An open API service indexing awesome lists of open source software.

https://github.com/lucadibello/gramine-java-benchmark

Evaluating Java runtime performance and overhead under Gramine (Intel SGX)
https://github.com/lucadibello/gramine-java-benchmark

benchmark confidential-computing graalvm graalvm-native-image gramine java multithreading sgx tls

Last synced: about 2 months ago
JSON representation

Evaluating Java runtime performance and overhead under Gramine (Intel SGX)

Awesome Lists containing this project

README

          

# Gramine Java Benchmark

Benchmark suite that evaluates a differentially private binary aggregation tree inside a Gramine-protected JVM. A TLS client streams floating-point values to the enclave; the server keeps the noisy private sum and exposes the familiar `initBinaryAggregation`, `addToBinaryAggregation`, and `getBinaryAggregationSum` calls. The layout mirrors the companion Java aggregation benchmarks so that results stay comparable while swapping Teaclave SGX for Gramine.

## Project Layout

- `src/server/` – TLS enclave server (`com.benchmark.gramine.enclave.BenchServer`) executed inside Gramine. Implements the command protocol (`INIT`, `ADD`, `GET`) and logs each ingestion for traceability.
- `src/server/com/.../dp/BinaryAggregationTree.java` – Gaussian-noise aggregation tree shared with the other benchmark suites to preserve behaviour.
- `src/client/` – Host harness (`com.benchmark.gramine.host.BenchClient`) that prepares workloads, drives weak/strong scaling runs, and prints JSON metrics.
- `tools/run-benchmarks.py` – Automation wrapper that builds each server variant, runs the client once, and writes combined CSV/JSON artifacts under `scaling-results//`.
- `tools/generate_plots.py` – Turns the CSV/JSON outputs into PNG plots (per-variant throughput, speedup/efficiency, and startup-time comparisons).

## Benchmark Approach

Each benchmark execution follows three phases that align with the companion Teaclave suite:

1. **Baseline workload** – The client uses `GRAMINE_BENCH_DATA_SIZE` with the smallest requested thread count to derive the per-thread workload. A short warmup runs before measurements.
2. **Weak scaling** – The number of worker threads increases while the per-thread workload remains fixed.
3. **Strong scaling** – The total workload stays fixed while the number of worker threads increases.

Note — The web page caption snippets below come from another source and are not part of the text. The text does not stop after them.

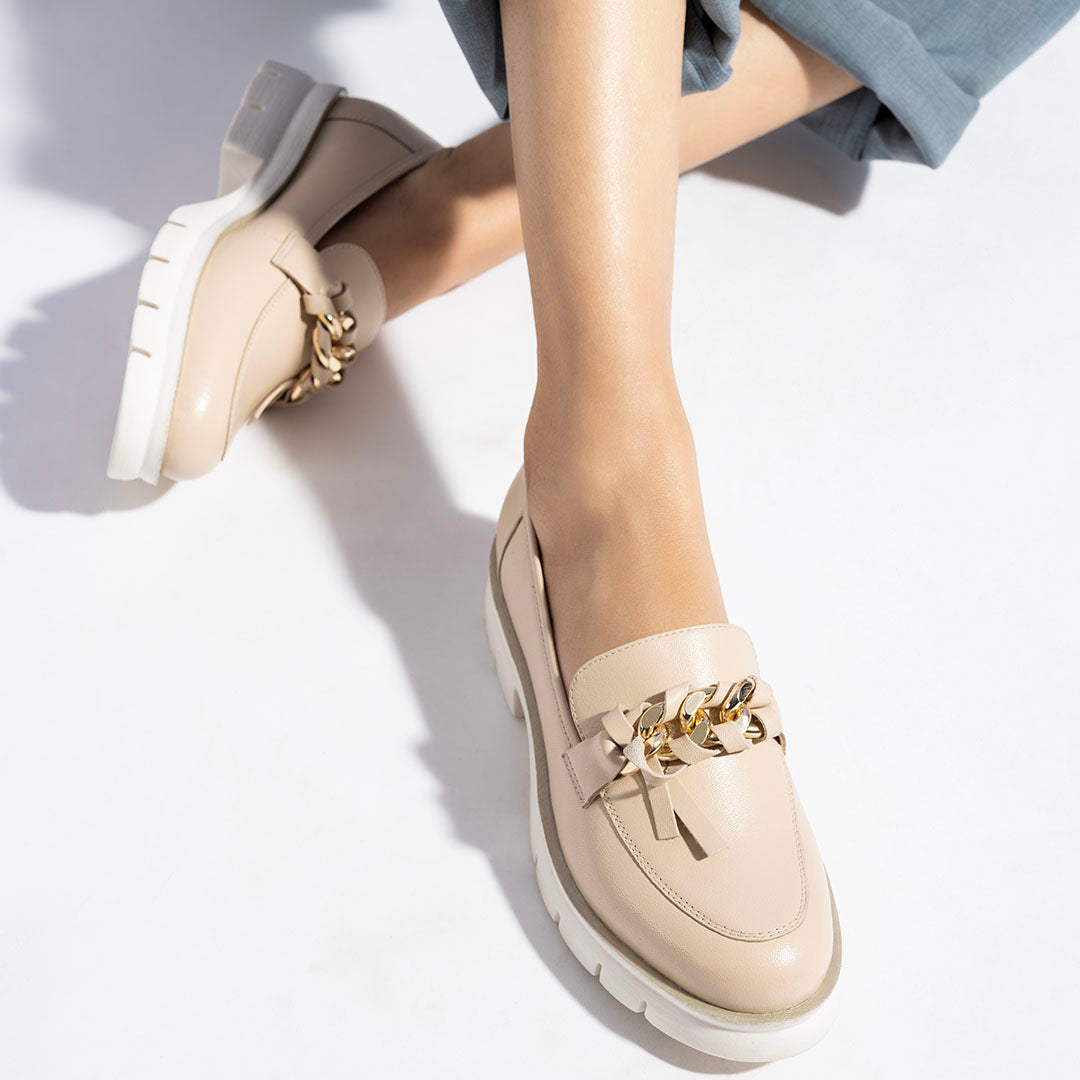 Trend'e White Leather Comfort Loafers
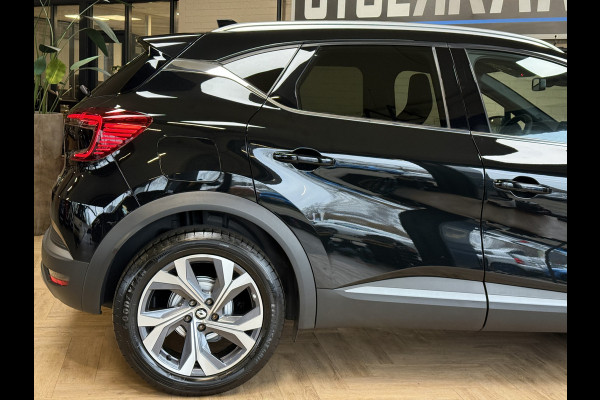 Renault Captur 1.3 TCe 140 R.S. Line | Groot Navi | ACC | Blindspot | Stoelverwarming | 18" |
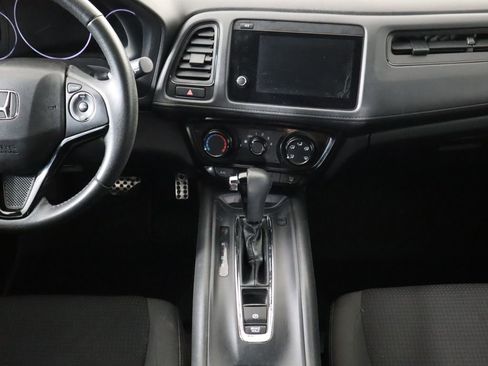 Used 2020 Honda HR-V Sport image 14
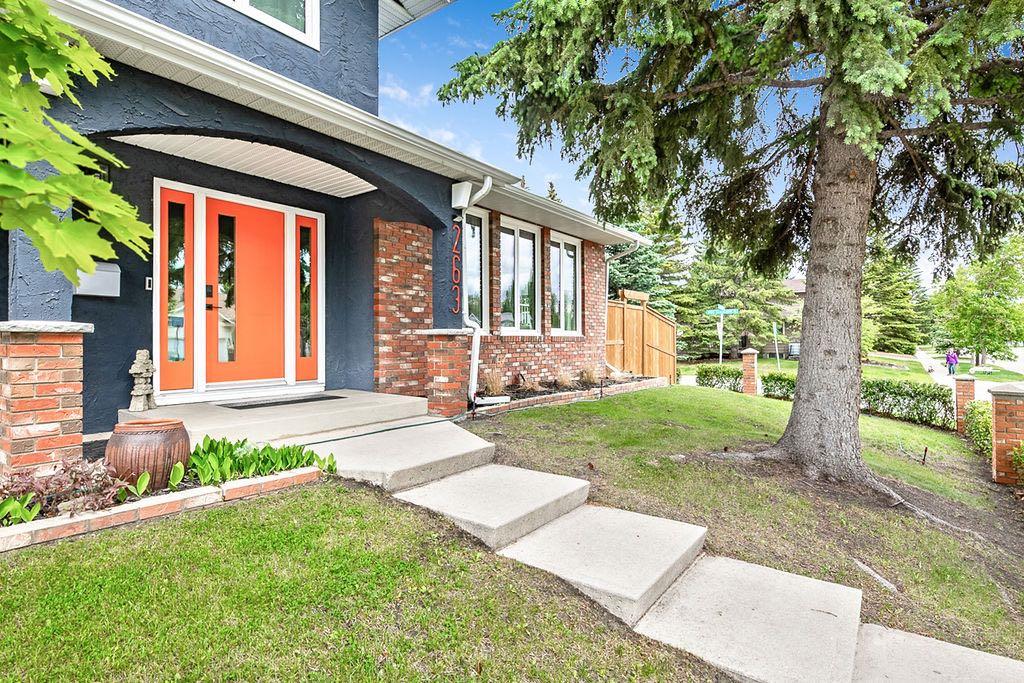 Picture for 263 Silvergrove Place NW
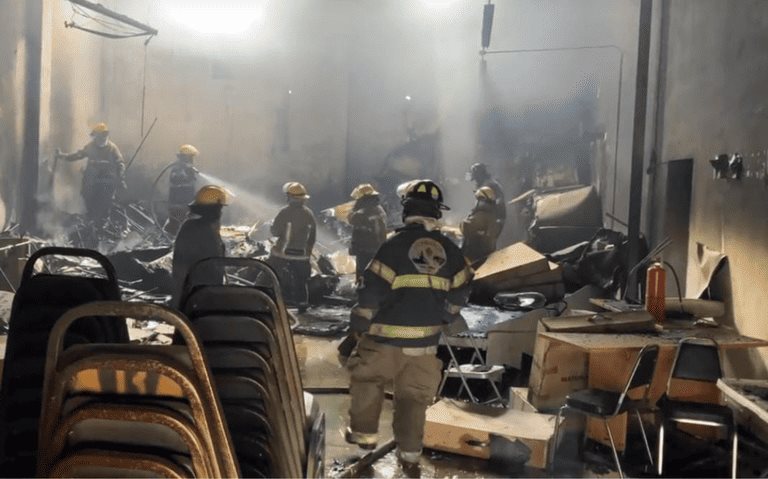 Se incendia IEC; paquetes electorales no sufren daños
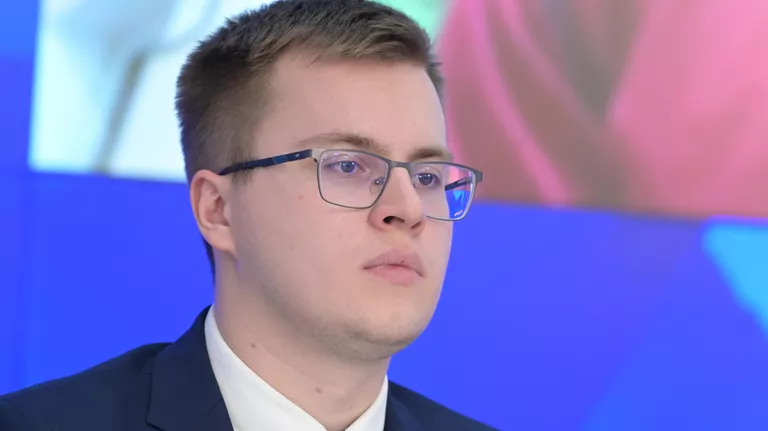 Студент Института истории РГУ имени С.А. Есенина, учитель истории школы №63 г. Рязань, лектор общества Знание Ярослав Мишин Студент Института истории РГУ имени С.А. Есенина, учитель истории школы №63 г. Рязань, лектор общества Знание Ярослав Мишин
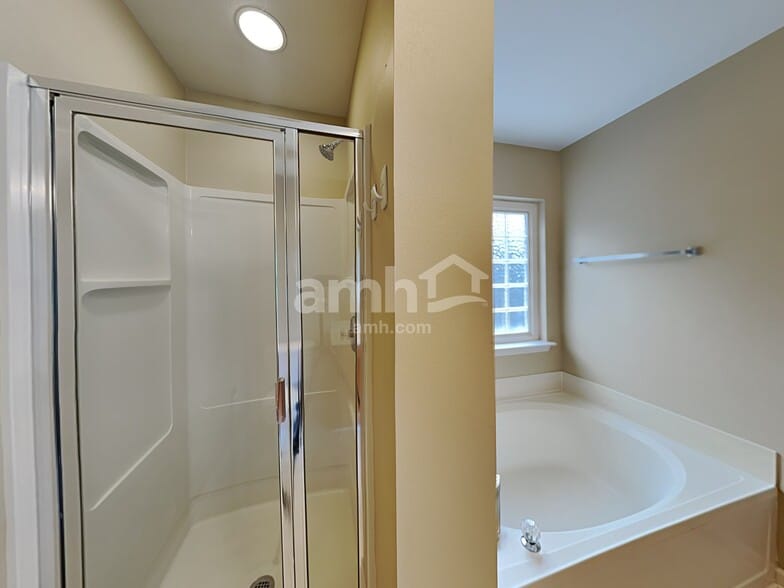 Building Photo - 8411 Laurel Run Dr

The client prints JSON summaries for all phases so downstream plotting scripts can consume the output directly.

## Results

Example dataset: `scaling-results/20251030_004543/` (data size = 1024, sigma = 0.5, warmup = 3, measure = 5). The run compares three server variants executed through Gramine: `jvm-gramine`, `native-dynamic`, and `native-static`. Artifacts land in `scaling-results//` and plots in `plots/`.

### Strong Scaling

Throughput scales from a single client up to 16 clients before Gramine scheduling overheads flatten the gains. Speedup and efficiency are highest for the native variants (`native-dynamic`, `native-static`), reaching ~5× speedup at eight clients. Refer to `plots/_strong_throughput.png` and `plots/_strong_speedup_efficiency.png` for the detailed traces.

#### JVM (Gramine)

![JVM Gramine strong throughput](plots/jvm-gramine_strong_throughput.png)

![JVM Gramine strong speedup & efficiency](plots/jvm-gramine_strong_speedup_efficiency.png)

#### Native (Dynamic)

![Native dynamic strong throughput](plots/native-dynamic_strong_throughput.png)

![Native dynamic strong speedup & efficiency](plots/native-dynamic_strong_speedup_efficiency.png)

#### Native (Static)

![Native static strong throughput](plots/native-static_strong_throughput.png)

![Native static strong speedup & efficiency](plots/native-static_strong_speedup_efficiency.png)

### Weak Scaling

Weak scaling stays close to linear: aggregate throughput increases steadily as threads are added, and the native variants show the largest improvements. See `plots/_weak_throughput.png` and `plots/_weak_speedup_efficiency.png`.

#### JVM (Gramine)

![JVM Gramine weak throughput](plots/jvm-gramine_weak_throughput.png)

![JVM Gramine weak speedup & efficiency](plots/jvm-gramine_weak_speedup_efficiency.png)

#### Native (Dynamic)

![Native dynamic weak throughput](plots/native-dynamic_weak_throughput.png)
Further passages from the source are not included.